Like his predecessor, Hillary A. Gobin was a native Hoosier, a member of the DePauw faculty, and a very popular figure on campus. Born in Terre Haute, he served in the Union Army during the Civil War and graduated from Indiana Asbury in 1870. After 10 years in the Methodist ministry he returned to his alma mater as professor of Greek and then became president of Baker University in Kansas in 1886. Four years later DePauw recalled him to become dean of the School of Theology. Gobin was also named university vice president in 1894 and served as acting president for a year following John's resignation. In 1896 he succeeded to the presidency, an office he filled with quiet competence for the next seven years.
The mild-mannered, highly respected Gobin gave the university the conservative, conciliatory leadership it needed after the turbulence and innovation of the John years. He had to decree the closing of his own School of Theology in 1898 as part of a general retrenchment and to preside over the demise of the popular military department the next year, when the federal government ended its support for the program during the Spanish-American War. President Gobin gracefully accepted the appointment of William H. Hickman as university chancellor in charge of fund raising and worked closely and harmoniously with him in sharing administrative authority.
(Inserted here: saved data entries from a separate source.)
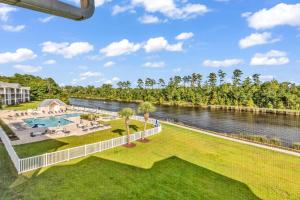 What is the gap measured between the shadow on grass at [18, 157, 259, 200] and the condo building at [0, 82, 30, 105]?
5155 cm

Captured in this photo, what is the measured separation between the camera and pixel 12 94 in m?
60.5

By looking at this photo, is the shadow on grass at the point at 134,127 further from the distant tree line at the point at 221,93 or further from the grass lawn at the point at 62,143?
the distant tree line at the point at 221,93

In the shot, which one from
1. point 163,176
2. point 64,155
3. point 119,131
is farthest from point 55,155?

In his memoir Past Perfect, Jerome Hixon recalls a story about Gobin's presidential style told him by the latter's widow: It happened while Dr. Gobin was president, that after a particularly important football victory, some exuberant students placed a donkey in the tower of East College, its distressed braying could be heard all over campus. Everyone wondered what punishment would be meted out to the offenders. The air in Meharry Chapel the next day was tense.
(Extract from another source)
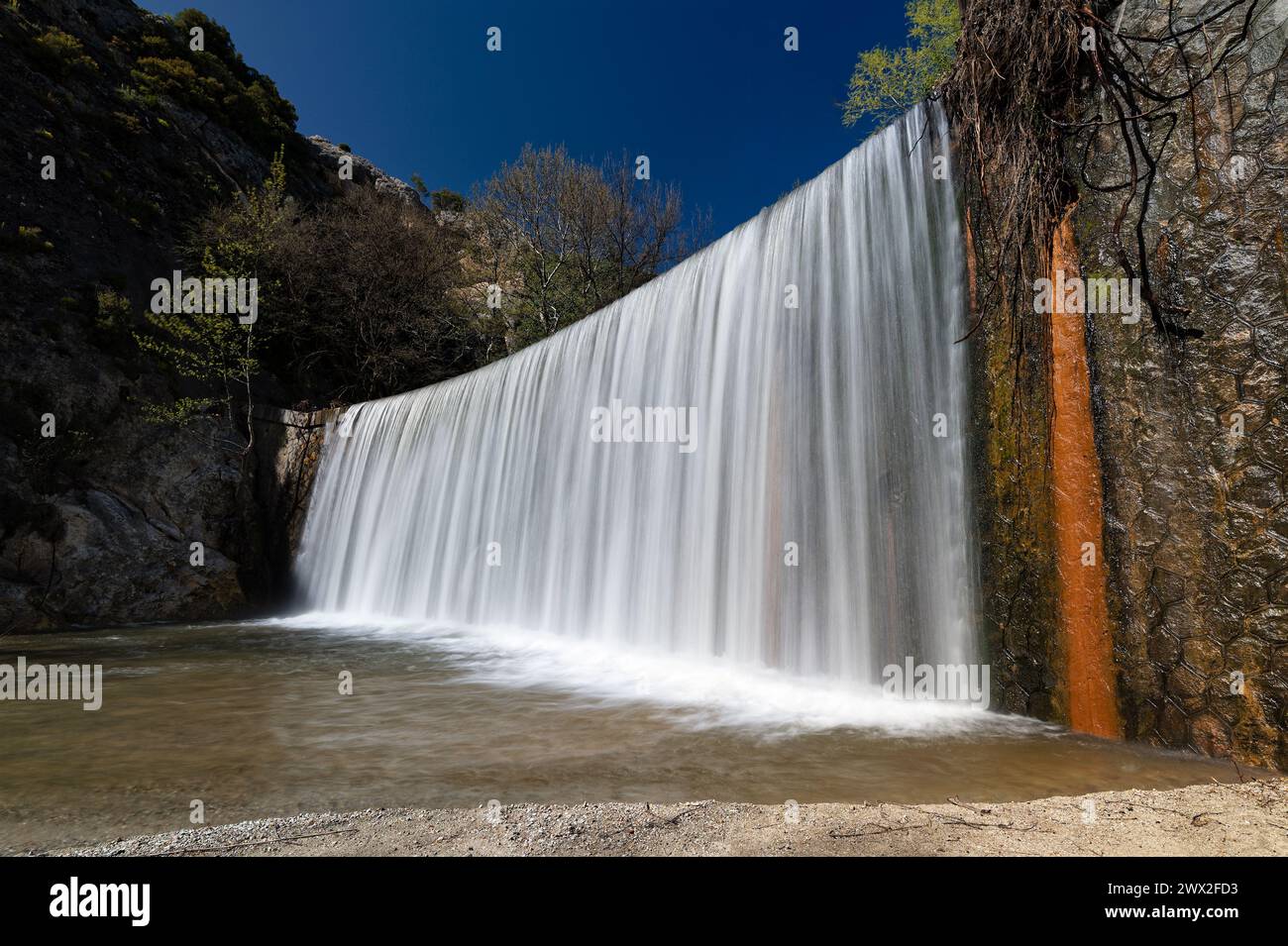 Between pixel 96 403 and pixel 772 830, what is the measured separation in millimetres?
13825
Dr. Gobin delivered appropriate remarks about the significance of the victory of the day before. "There was," he said, "only one unfortunate incident connected with the occasion. In the rejoicing, some of the students climbed up into the tower, but forgot and left their little brother there. I would suggest that they rescue him as soon as convenient, for he is in considerable distress.
The Gobin administration proved to be a transitional one in many respects. It was the last administration to make a serious effort to enforce the traditional compulsory attendance at daily chapel and Sunday morning church services, though students were still "expected" to attend these functions for some time to come. Hillary Gobin himself was also the last president to make his presence felt in the classroom on a regular basis, continuing to carry on the old-time presidential responsibility for the teaching of philosophy and religion.
In 1903 Gobin resigned the presidency but remained on the faculty as professor of theology and English Bible until his retirement in 1922 at the age of 81. He died in Greencastle the following year. A few years after his death, plans were made for the erection of a building bearing his name to be used by both the Methodist Church and DePauw classes in philosophy and religion, but this project did not materialize. Instead the neo-Gothic church constructed on Locust Street in 1929 was named for him and remains today his chief monument as the Gobin Memorial United Methodist Church.